▸ **Short text fragments from websites**:
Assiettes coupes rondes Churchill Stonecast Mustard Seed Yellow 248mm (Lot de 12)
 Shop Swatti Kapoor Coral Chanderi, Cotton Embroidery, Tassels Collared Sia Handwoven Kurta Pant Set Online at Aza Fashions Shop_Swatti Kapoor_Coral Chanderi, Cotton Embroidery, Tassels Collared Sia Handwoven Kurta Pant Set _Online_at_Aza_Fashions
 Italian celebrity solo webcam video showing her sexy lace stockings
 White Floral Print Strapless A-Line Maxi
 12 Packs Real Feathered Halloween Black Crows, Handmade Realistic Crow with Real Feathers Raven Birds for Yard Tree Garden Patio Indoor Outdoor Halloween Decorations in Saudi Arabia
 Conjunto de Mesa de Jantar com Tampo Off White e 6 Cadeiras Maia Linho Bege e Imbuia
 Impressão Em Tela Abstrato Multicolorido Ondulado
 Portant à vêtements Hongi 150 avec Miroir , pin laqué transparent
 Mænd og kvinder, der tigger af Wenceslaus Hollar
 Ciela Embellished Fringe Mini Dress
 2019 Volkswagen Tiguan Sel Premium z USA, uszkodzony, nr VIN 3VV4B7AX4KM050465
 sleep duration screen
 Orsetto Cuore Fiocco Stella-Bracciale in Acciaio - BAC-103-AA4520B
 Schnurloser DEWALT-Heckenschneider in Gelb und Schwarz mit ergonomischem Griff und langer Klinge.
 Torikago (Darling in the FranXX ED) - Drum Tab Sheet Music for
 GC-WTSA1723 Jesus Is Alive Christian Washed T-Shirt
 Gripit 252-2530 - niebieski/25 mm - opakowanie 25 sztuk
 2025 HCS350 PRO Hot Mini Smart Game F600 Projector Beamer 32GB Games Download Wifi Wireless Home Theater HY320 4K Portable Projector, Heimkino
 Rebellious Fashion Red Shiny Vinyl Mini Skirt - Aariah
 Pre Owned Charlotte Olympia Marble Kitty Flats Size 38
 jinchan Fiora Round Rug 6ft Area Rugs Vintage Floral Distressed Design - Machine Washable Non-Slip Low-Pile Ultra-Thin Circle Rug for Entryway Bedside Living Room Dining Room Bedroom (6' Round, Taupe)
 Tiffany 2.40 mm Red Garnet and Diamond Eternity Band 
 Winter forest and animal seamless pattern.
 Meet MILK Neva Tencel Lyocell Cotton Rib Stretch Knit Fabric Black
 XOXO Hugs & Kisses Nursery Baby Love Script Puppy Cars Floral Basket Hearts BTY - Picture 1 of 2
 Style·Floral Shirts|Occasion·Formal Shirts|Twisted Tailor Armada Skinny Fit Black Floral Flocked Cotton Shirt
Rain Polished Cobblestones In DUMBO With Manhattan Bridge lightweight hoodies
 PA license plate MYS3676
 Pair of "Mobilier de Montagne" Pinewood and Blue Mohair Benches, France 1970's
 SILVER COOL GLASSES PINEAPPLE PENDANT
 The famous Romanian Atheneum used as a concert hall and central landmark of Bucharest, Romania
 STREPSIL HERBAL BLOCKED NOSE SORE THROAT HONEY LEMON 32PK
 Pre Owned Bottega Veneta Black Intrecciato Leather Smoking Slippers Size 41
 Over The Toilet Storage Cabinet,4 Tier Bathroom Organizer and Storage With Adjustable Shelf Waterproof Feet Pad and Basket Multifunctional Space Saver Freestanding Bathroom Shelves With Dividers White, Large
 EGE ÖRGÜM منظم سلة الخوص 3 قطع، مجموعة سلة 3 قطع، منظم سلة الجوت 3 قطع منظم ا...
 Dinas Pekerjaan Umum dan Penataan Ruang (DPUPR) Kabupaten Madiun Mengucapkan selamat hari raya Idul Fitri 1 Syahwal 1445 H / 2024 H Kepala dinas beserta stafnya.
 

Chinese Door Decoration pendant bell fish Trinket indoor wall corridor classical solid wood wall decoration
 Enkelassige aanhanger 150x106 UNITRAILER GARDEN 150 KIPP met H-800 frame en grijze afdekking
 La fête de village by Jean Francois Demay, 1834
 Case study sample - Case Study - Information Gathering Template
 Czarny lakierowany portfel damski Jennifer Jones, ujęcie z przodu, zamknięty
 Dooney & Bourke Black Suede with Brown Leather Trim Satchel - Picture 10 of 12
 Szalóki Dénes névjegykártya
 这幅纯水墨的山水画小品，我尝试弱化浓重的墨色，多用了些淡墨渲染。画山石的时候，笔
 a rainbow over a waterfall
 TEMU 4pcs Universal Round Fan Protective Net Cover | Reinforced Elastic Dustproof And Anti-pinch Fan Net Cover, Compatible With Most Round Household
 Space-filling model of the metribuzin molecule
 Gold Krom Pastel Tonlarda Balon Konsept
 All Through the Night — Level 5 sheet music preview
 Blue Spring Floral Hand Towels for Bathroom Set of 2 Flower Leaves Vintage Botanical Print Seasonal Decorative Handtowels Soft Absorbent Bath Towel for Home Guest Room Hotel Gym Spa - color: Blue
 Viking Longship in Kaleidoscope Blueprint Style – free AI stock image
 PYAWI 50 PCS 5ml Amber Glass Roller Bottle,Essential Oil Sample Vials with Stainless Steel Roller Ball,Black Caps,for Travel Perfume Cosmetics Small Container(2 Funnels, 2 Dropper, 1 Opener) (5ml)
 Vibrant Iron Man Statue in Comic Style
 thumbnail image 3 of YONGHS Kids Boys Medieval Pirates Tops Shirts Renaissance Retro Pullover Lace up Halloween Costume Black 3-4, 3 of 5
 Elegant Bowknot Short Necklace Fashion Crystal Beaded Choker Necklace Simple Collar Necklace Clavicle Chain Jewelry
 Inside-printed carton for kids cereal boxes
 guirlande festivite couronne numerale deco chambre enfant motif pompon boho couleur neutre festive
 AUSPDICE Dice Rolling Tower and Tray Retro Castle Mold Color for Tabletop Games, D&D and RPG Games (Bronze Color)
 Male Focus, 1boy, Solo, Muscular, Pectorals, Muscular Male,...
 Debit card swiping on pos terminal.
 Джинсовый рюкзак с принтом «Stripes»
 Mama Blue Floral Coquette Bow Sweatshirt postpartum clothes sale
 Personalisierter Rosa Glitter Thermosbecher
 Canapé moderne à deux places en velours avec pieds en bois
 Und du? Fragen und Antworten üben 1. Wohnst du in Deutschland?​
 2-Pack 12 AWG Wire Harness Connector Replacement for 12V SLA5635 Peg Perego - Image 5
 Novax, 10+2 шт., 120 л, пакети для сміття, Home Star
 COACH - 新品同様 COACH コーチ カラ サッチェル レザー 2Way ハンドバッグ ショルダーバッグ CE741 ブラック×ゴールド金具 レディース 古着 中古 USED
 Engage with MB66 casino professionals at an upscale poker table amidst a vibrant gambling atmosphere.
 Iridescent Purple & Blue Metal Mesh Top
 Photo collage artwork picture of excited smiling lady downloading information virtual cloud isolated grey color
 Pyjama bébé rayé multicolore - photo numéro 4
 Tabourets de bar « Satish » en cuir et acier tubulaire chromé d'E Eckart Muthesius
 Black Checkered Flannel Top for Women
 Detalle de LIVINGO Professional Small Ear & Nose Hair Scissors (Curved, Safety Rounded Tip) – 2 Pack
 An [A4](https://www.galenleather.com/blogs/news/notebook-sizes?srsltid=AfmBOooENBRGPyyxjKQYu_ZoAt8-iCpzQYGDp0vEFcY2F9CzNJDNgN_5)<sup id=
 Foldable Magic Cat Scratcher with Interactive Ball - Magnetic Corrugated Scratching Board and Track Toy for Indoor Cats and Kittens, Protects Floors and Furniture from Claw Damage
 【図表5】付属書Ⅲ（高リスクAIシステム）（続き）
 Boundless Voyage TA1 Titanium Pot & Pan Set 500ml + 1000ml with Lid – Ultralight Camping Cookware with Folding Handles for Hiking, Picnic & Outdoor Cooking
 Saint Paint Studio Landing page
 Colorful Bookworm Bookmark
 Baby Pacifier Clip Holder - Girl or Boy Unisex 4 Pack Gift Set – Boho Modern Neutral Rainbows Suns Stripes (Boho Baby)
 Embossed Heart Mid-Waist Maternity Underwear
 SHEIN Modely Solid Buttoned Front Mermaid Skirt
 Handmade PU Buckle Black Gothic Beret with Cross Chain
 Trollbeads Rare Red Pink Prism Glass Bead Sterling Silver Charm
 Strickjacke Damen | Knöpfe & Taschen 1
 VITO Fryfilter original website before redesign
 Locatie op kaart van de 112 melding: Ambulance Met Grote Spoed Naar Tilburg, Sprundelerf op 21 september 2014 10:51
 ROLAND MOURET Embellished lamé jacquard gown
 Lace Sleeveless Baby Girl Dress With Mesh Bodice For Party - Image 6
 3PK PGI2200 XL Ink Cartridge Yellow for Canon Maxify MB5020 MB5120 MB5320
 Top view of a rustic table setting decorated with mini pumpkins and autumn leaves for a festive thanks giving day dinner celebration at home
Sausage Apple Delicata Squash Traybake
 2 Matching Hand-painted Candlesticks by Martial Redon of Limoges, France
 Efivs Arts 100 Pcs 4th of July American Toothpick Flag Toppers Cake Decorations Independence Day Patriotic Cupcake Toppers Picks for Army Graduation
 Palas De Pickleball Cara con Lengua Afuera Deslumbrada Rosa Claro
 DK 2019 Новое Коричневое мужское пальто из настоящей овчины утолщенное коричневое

▸ **Work task**:
Copy exactly the stretch of data above from the line with "sleep duration screen" through the line with "Style·Floral Shirts|Occasion·Formal Shirts|Twisted", and omit all other lines.

▸ **Task output**:
 sleep duration screen
 Orsetto Cuore Fiocco Stella-Bracciale in Acciaio - BAC-103-AA4520B
 Schnurloser DEWALT-Heckenschneider in Gelb und Schwarz mit ergonomischem Griff und langer Klinge.
 Torikago (Darling in the FranXX ED) - Drum Tab Sheet Music for
 GC-WTSA1723 Jesus Is Alive Christian Washed T-Shirt
 Gripit 252-2530 - niebieski/25 mm - opakowanie 25 sztuk
 2025 HCS350 PRO Hot Mini Smart Game F600 Projector Beamer 32GB Games Download Wifi Wireless Home Theater HY320 4K Portable Projector, Heimkino
 Rebellious Fashion Red Shiny Vinyl Mini Skirt - Aariah
 Pre Owned Charlotte Olympia Marble Kitty Flats Size 38
 jinchan Fiora Round Rug 6ft Area Rugs Vintage Floral Distressed Design - Machine Washable Non-Slip Low-Pile Ultra-Thin Circle Rug for Entryway Bedside Living Room Dining Room Bedroom (6' Round, Taupe)
 Tiffany 2.40 mm Red Garnet and Diamond Eternity Band 
 Winter forest and animal seamless pattern.
 Meet MILK Neva Tencel Lyocell Cotton Rib Stretch Knit Fabric Black
 XOXO Hugs & Kisses Nursery Baby Love Script Puppy Cars Floral Basket Hearts BTY - Picture 1 of 2
 Style·Floral Shirts|Occasion·Formal Shirts|Twisted Tailor Armada Skinny Fit Black Floral Flocked Cotton Shirt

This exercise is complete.